I prezzi delle materie prime hanno registrato una lieve contrazione per poi risalire spinti dalle trame interne all’OPEC. Un’oscillazione che ha avuto il suo impatto sui rendimenti. Con la bocciatura dell’Obamacare, inoltre, il mercato ha iniziato a dubitare seriamente di Donald Trump. Il Presidente USA non gode di particolare stima tra i Repubblicani, che lo osteggiano in tutti i modi (specie i membri del Freedom Caucus, gli ultraliberisti e conservatori responsabili del tracollo della riforma dell’Obamacare).

Quali sono gli aspetti che ad oggi influenzano i rendimenti dei titoli decennali?

Tuttavia, come si diceva, i titoli decennali dei Paesi analizzati da Cardenà (Germania, Francia, Spagna, Italia e USA) risentono di pressione peculiari, anche se correlate.

Per quanto concerne il Bund tedesco, il rendimento è compreso tra 0.50% e -0.20% che ne fa - al netto delle manovre espansive della BCE - il solito “safe asset” nell’eurozona.

Quanto all’Oat francese i rendimenti sono compresi tra 1.10% e 0.90%. A rendere il decennale più rischioso (quindi più appetibile) è senz’altro il timore che Marine Le Pen possa staccare un biglietto per l’Eliseo a danno del rivale centrista pro-UE e pro-marché Emmanuel Macron. Come ricorda Cardenà, le apprensioni che da questa tornata elettorale francese derivano, influenzano il corso dei rendimenti in tutta l’eurozona.

Il caso della Spagna è interessante. La crescita e l’inflazione (quindi la capacità di promuovere riforme strutturali secondo il dettame del mercato e indipendentemente dal fatto che queste generano un mercato del lavoro precario) registrati nell’economia iberica ne fanno un porto sicuro in cui investire (specie a 10 anni). Discorso diverso per l’Italia, che soffre ancora di problematiche strutturali, quali alto debito pubblico, crescita anemica, corso riformatore lento e alta disoccupazione.
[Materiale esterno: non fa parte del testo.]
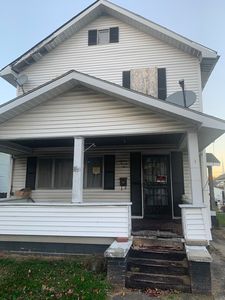 1625 Poplar St, Kenova, WV, 25530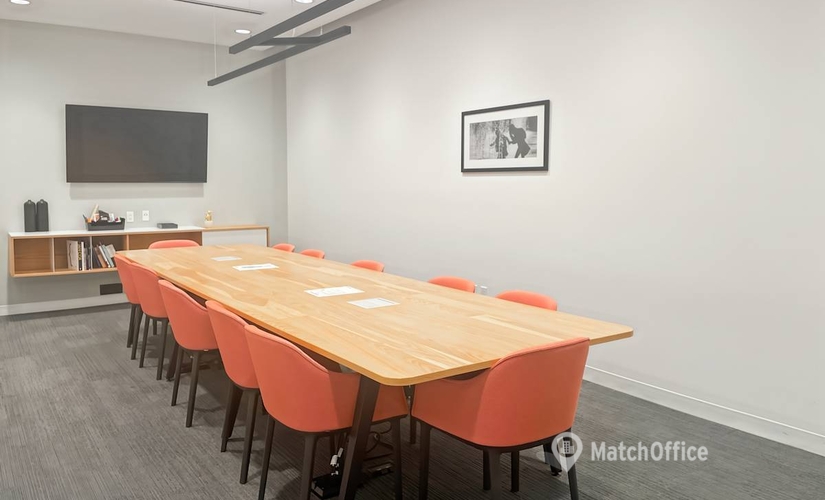 Convention center in Houston Downtown, TX, 1201 Fannin St. (77002) - 5 | MatchOffice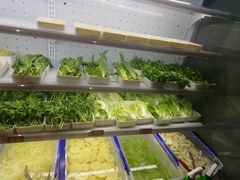-刘火辣老火锅(光谷店)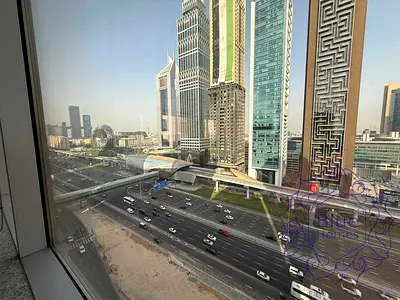 Upto 3866sqft available | Water free | Bang on SZR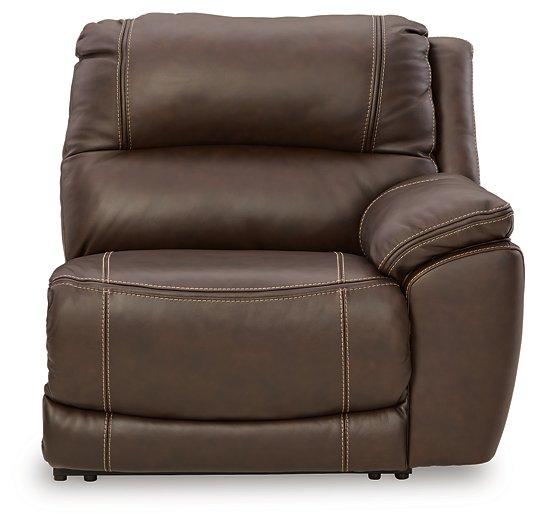 Dunleith 3-Piece Power Reclining Sofa - Luxury Home Furniture (MI)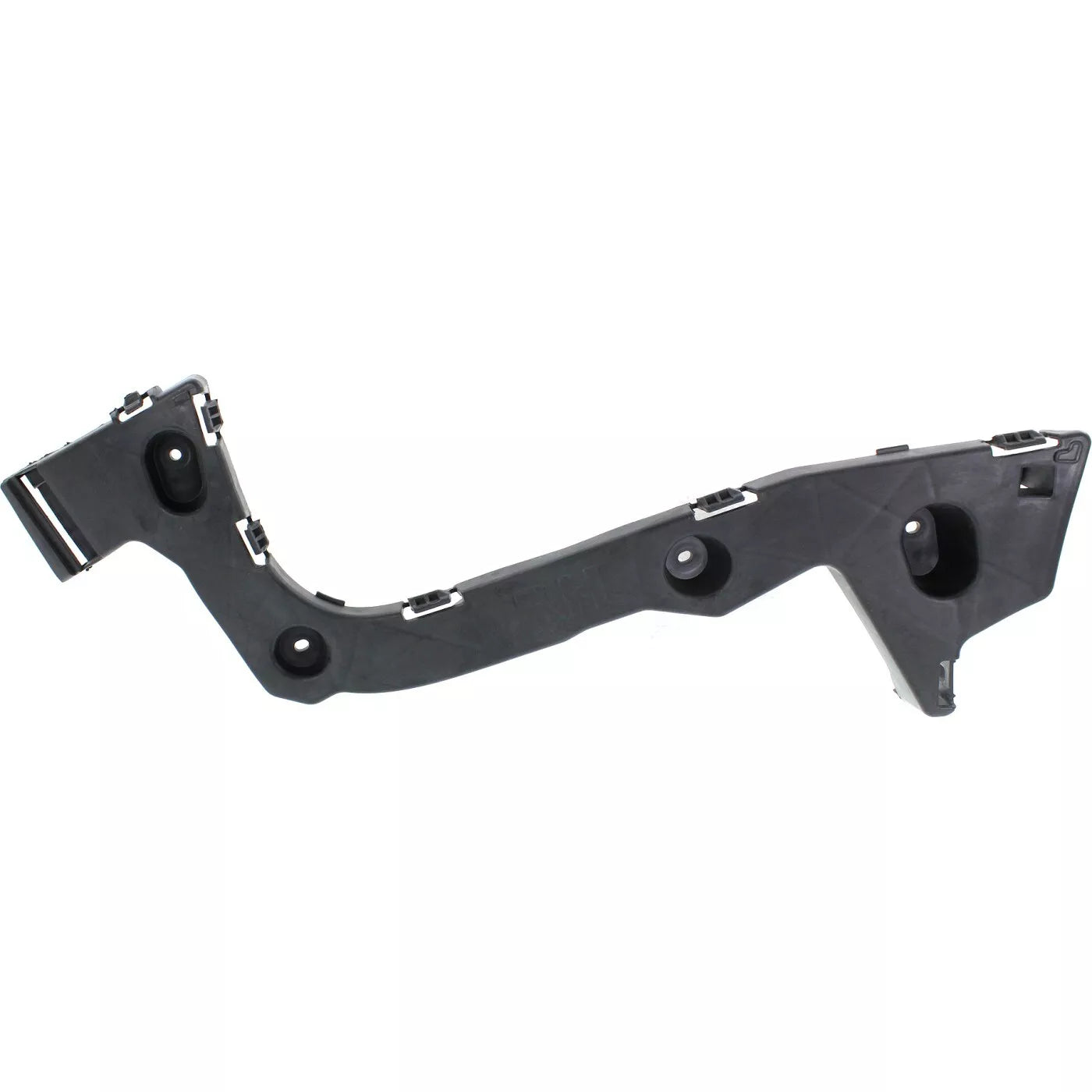 Right Side Rear bumper cover support 2012 - 2014 FORD FOCUS  FO1143116 CP9Z17D948C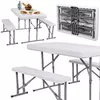 Складной стол Springos GF0096 105x65x69 см Photo 3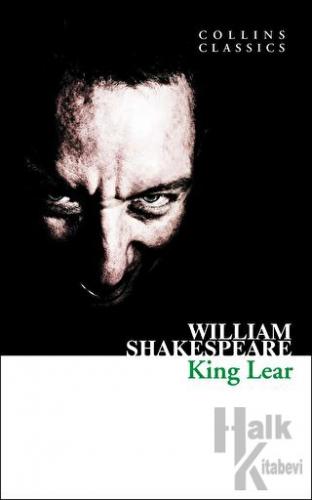 King Lear - Halkkitabevi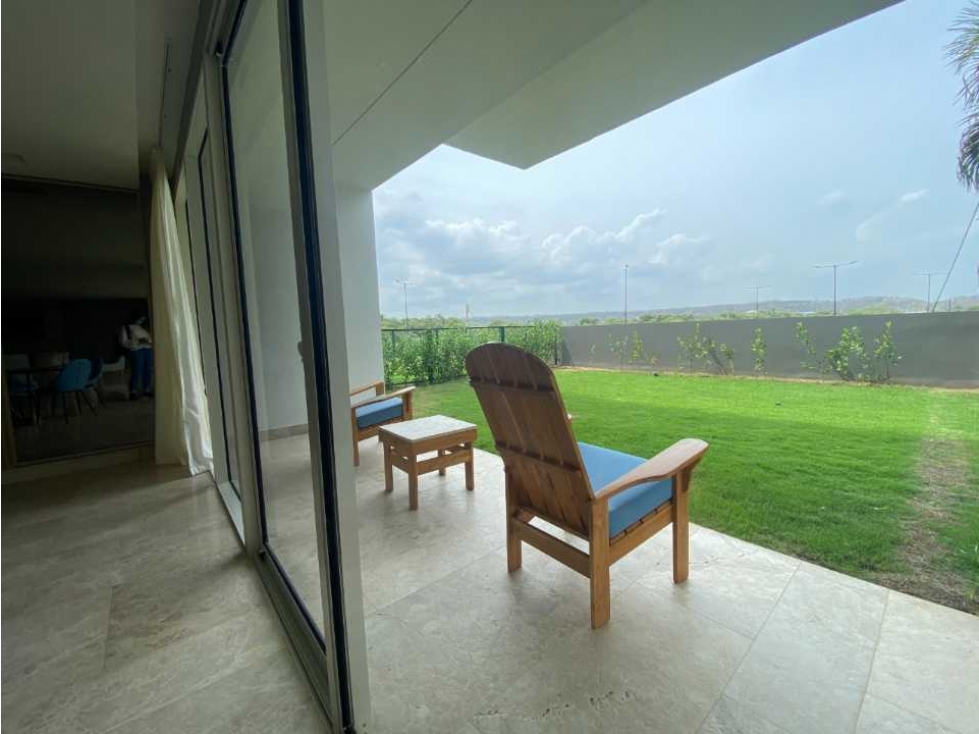Apartamento en venta en Cartagena De Indias, Cartagena · foto 20 de 24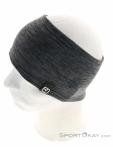 Ortovox Light Fleece Headband Headband, Ortovox, Gray, , Male,Female,Unisex, 0016-11424, 5637997994, 4251422562348, N3-08.jpg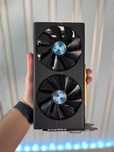 Відеокарта Sapphire RX 470 Nitro D5 OC 8GB GDDR5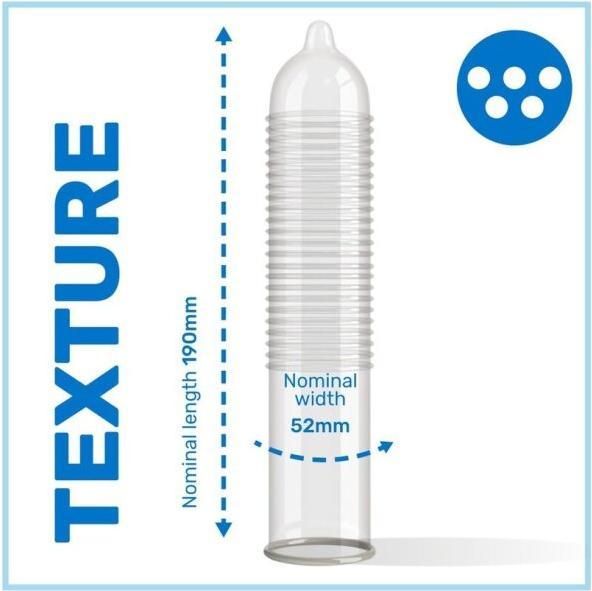 Produktbild Pasante Intensity (144 Stk.)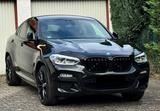 BMW X4 xDrive30d M-Sport LED,Kamera,HU 08/27 - BMW X4 Gebrauchtwagen in Frankfurt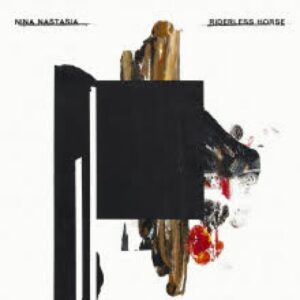 NINA NASTASIA – ‘Riderless Horse’ cover album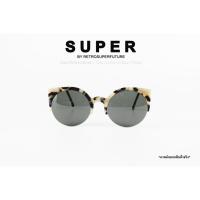 ราคา แว่นตากันแดด SUPER 285 Puma Sunglasses BY RETROSUPERFUTURE แท้100% HAND MADE IN ITAIY (11968651308)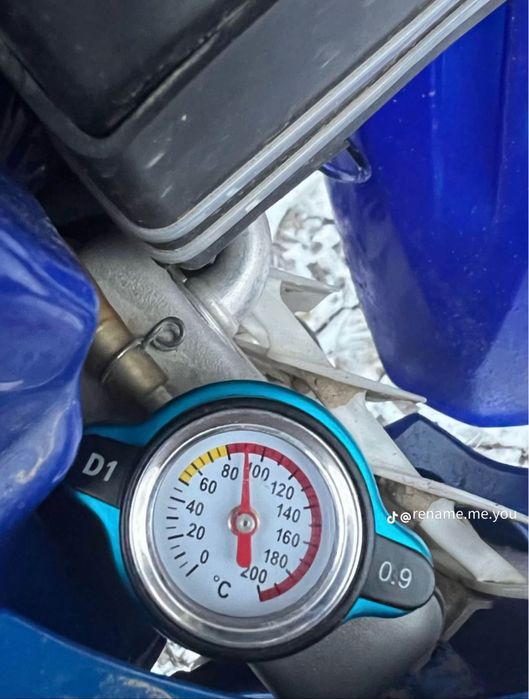 Yamaha wr450f  2006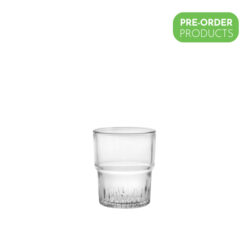 ly thuy tinh Duralex Empilable Clear 160ml - 1013A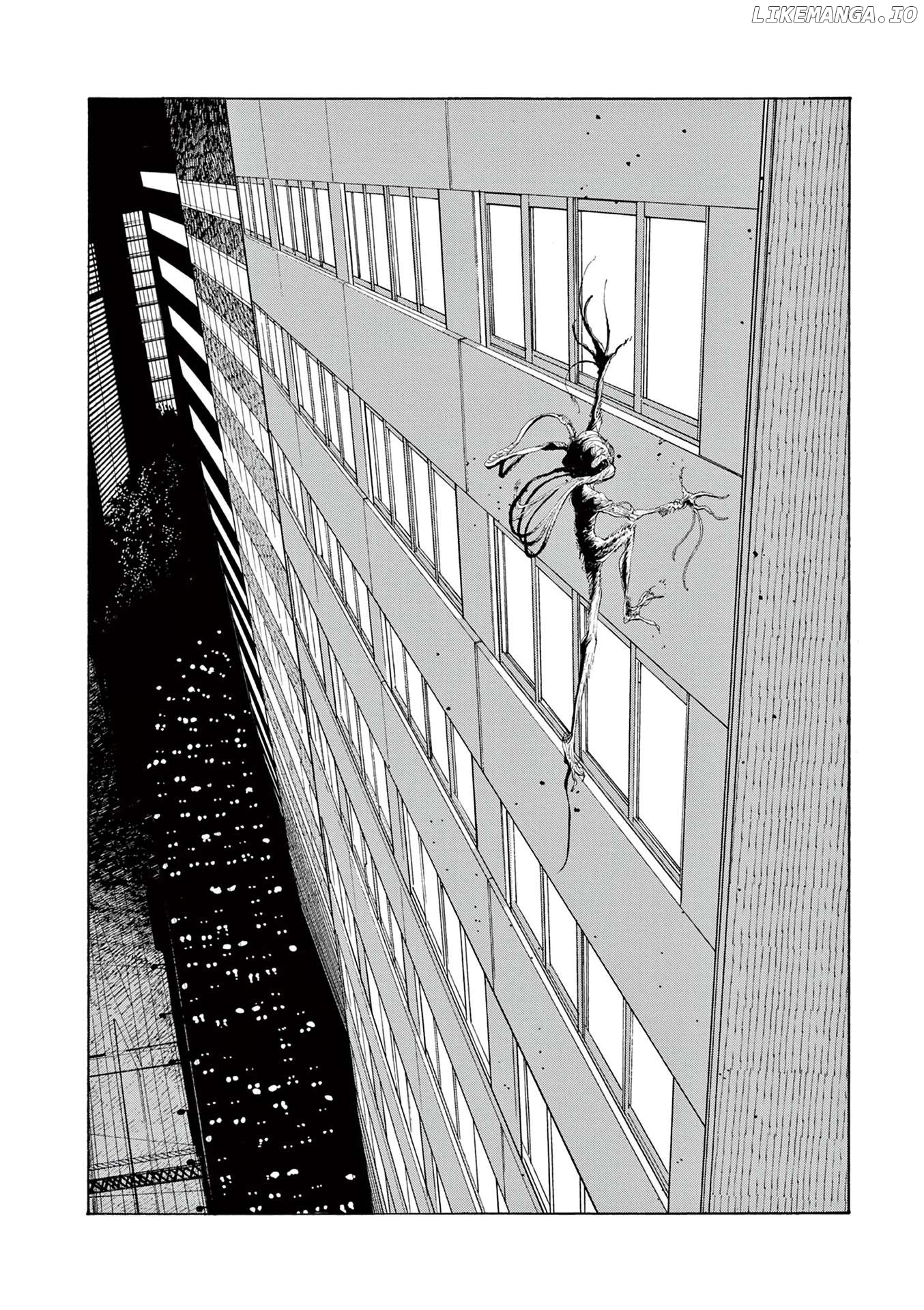 Read Fool Night EN Manga Online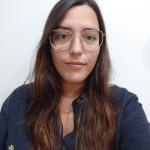 Anabel Alarcón Anabel Alarcón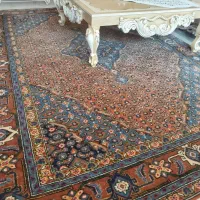 یک جفت فرش دست باف|فرش|اردبیل, |دیوار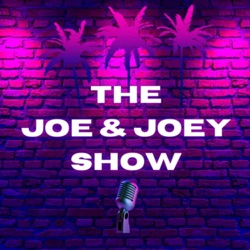 2023 AFC Win Totals, AFC Division Winners, and Superbowl Picks | TheJoe&JoeyShow | Ep.21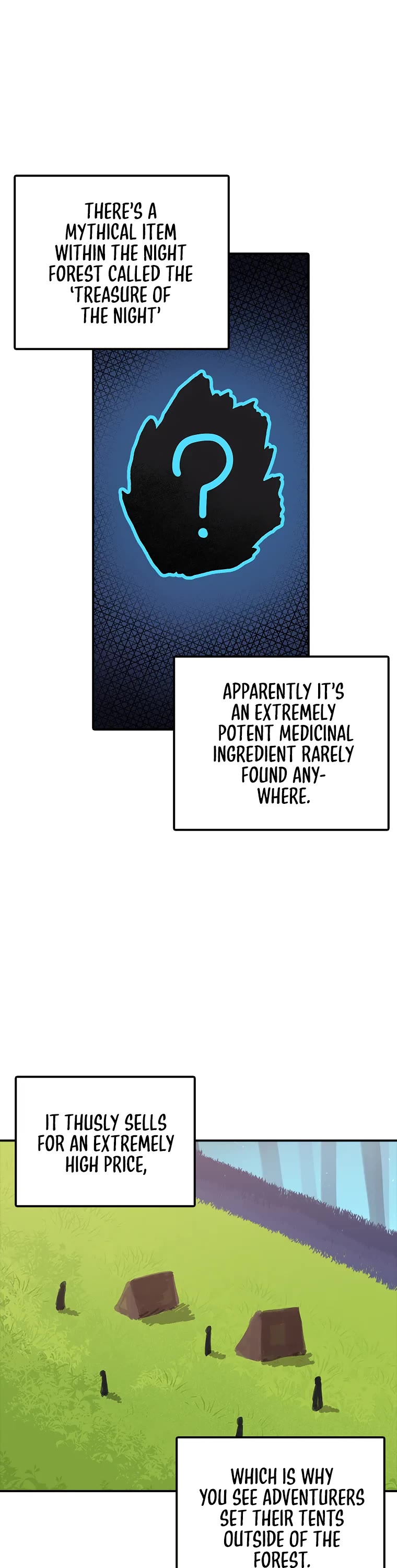 The House Without Time Chapter 32 page 29 - Chapter 32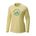 Picture of Women's Tidal Tee Long Sleeve Shirt - kelp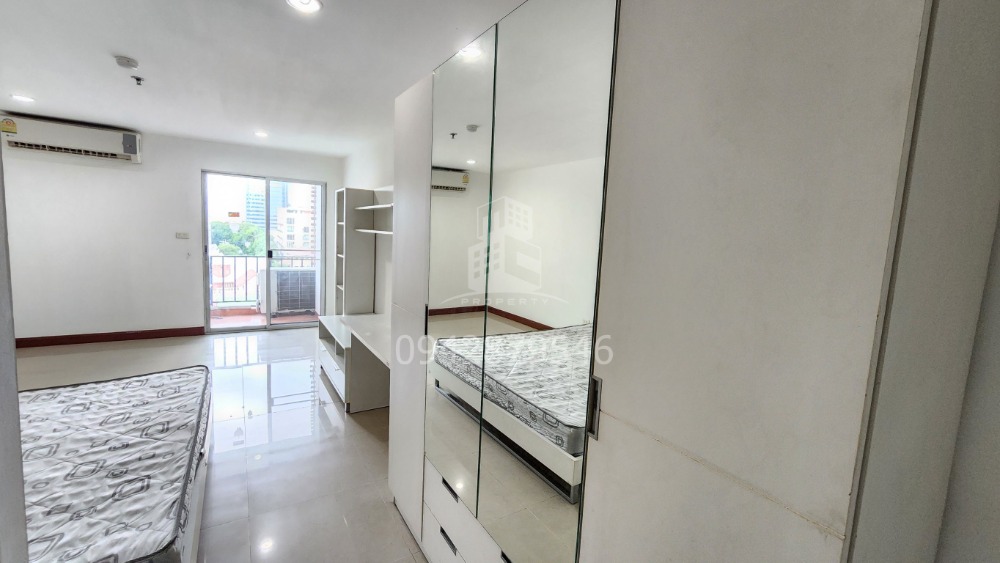 Urgent sale, Regent Home 5 Ratchada 19 Studio, 8th floor, Building B, 31 sq m. – รูปที่ 4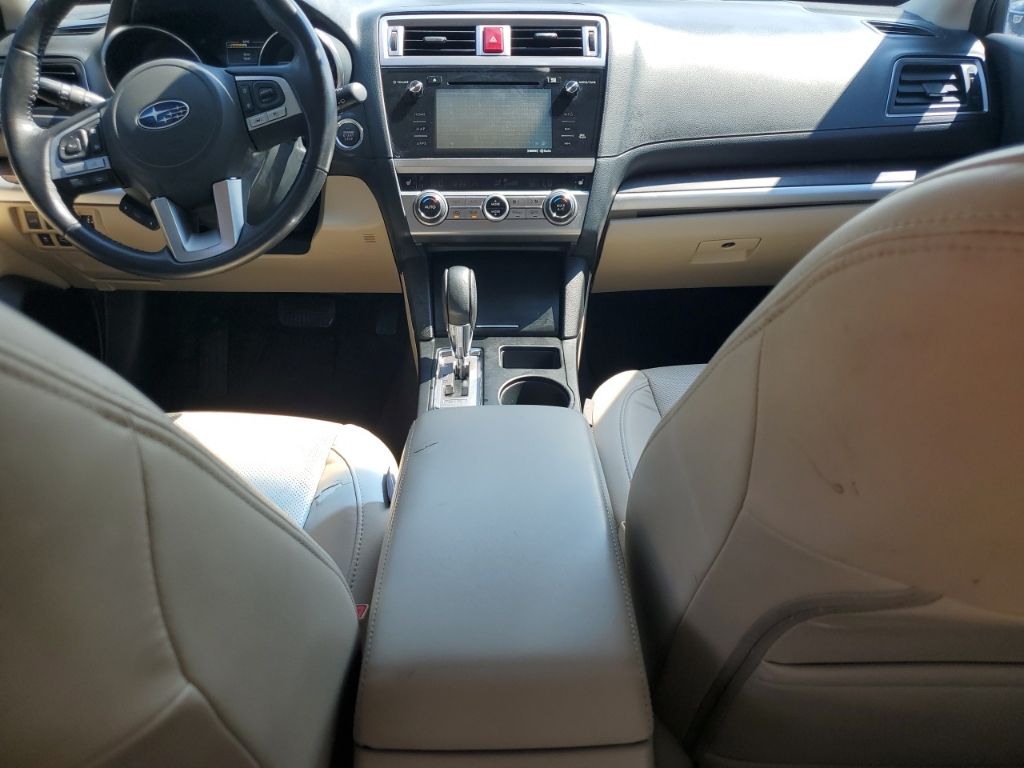 Used Car 2016 Subaru Outback  2.5i For Sale Under $20,000 In Austin, Texas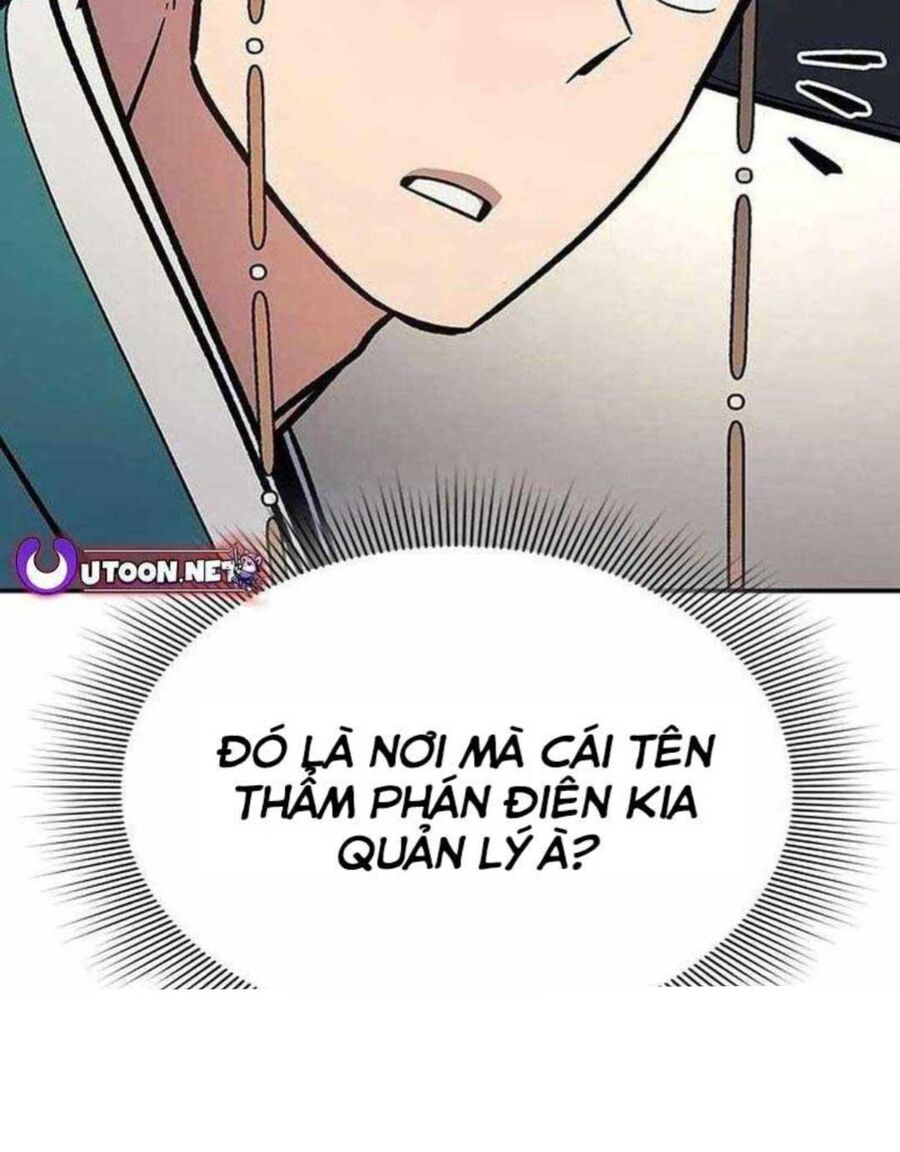 Bác Sĩ Tới Joseon Chapter 16 - Trang 121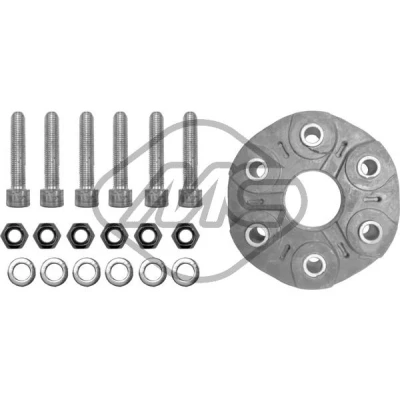 Bilde av Ledd, longitudinalbølge, Foran, mercedes benz, 170 410 01 15, 202 18 210 12 A1704100115, A2024101815, A2104101215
Un aspetto interessante è dato dall’aumento dello spread tra BTP e Bonos, dato che evidenza la diversa percezione (da parte del mercato) delle due economie.

Quanto agli USA, i rendimenti sui titoli a 10 anni sono compresi tra il 2.6% e il 2.30%. Sul corso dei rendimenti negli USA gioca un ruolo fondamentale l’attività della nuova amministrazione Trump, divisa tra la promozione di misure neo-protezionistiche sul piano internazionale ed espansive su quello interno.